WORK TO COMPLETE>
Reproduce exactly the lines below, starting with the line that contains "Merry Merry Pillow" and ending with the last line of the records, both included, and nothing else.

BEGIN AVAILABLE RECORDS

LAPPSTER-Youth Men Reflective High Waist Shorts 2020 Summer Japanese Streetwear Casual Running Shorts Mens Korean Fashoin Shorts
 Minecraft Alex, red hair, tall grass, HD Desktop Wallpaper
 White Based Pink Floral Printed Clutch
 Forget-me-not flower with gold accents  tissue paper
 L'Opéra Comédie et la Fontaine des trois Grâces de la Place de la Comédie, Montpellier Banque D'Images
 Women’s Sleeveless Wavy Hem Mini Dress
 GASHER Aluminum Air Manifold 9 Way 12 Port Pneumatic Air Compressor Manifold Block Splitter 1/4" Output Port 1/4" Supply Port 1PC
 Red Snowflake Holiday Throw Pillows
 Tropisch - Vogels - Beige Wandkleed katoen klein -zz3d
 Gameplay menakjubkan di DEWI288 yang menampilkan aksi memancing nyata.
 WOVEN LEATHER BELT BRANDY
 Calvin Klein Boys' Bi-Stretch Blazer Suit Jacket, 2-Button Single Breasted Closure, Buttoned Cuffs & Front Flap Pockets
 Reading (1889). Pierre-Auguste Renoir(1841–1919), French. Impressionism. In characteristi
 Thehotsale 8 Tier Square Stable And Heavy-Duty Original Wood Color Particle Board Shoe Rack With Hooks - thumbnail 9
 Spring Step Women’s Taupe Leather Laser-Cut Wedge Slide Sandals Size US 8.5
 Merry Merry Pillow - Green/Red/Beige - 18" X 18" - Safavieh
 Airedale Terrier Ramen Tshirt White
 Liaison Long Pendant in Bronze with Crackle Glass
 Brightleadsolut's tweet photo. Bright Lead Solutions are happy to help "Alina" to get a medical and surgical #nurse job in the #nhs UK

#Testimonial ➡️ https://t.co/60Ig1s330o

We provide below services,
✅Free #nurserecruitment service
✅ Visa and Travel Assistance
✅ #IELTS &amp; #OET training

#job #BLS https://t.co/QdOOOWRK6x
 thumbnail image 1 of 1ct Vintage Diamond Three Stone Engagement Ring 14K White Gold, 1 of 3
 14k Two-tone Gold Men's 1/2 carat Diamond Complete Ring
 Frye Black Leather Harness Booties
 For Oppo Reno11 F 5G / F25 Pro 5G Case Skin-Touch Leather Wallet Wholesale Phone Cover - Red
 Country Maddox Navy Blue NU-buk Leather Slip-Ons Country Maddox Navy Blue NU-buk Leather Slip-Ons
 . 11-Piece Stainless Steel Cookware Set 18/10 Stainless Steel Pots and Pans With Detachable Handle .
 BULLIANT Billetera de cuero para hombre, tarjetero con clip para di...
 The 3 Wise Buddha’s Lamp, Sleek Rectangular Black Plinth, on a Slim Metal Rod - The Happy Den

END AVAILABLE RECORDS

ANSWER BELOW>
 Merry Merry Pillow - Green/Red/Beige - 18" X 18" - Safavieh
 Airedale Terrier Ramen Tshirt White
 Liaison Long Pendant in Bronze with Crackle Glass
 Brightleadsolut's tweet photo. Bright Lead Solutions are happy to help "Alina" to get a medical and surgical #nurse job in the #nhs UK

#Testimonial ➡️ https://t.co/60Ig1s330o

We provide below services,
✅Free #nurserecruitment service
✅ Visa and Travel Assistance
✅ #IELTS &amp; #OET training

#job #BLS https://t.co/QdOOOWRK6x
 thumbnail image 1 of 1ct Vintage Diamond Three Stone Engagement Ring 14K White Gold, 1 of 3
 14k Two-tone Gold Men's 1/2 carat Diamond Complete Ring
 Frye Black Leather Harness Booties
 For Oppo Reno11 F 5G / F25 Pro 5G Case Skin-Touch Leather Wallet Wholesale Phone Cover - Red
 Country Maddox Navy Blue NU-buk Leather Slip-Ons Country Maddox Navy Blue NU-buk Leather Slip-Ons
 . 11-Piece Stainless Steel Cookware Set 18/10 Stainless Steel Pots and Pans With Detachable Handle .
 BULLIANT Billetera de cuero para hombre, tarjetero con clip para di...
 The 3 Wise Buddha’s Lamp, Sleek Rectangular Black Plinth, on a Slim Metal Rod - The Happy Den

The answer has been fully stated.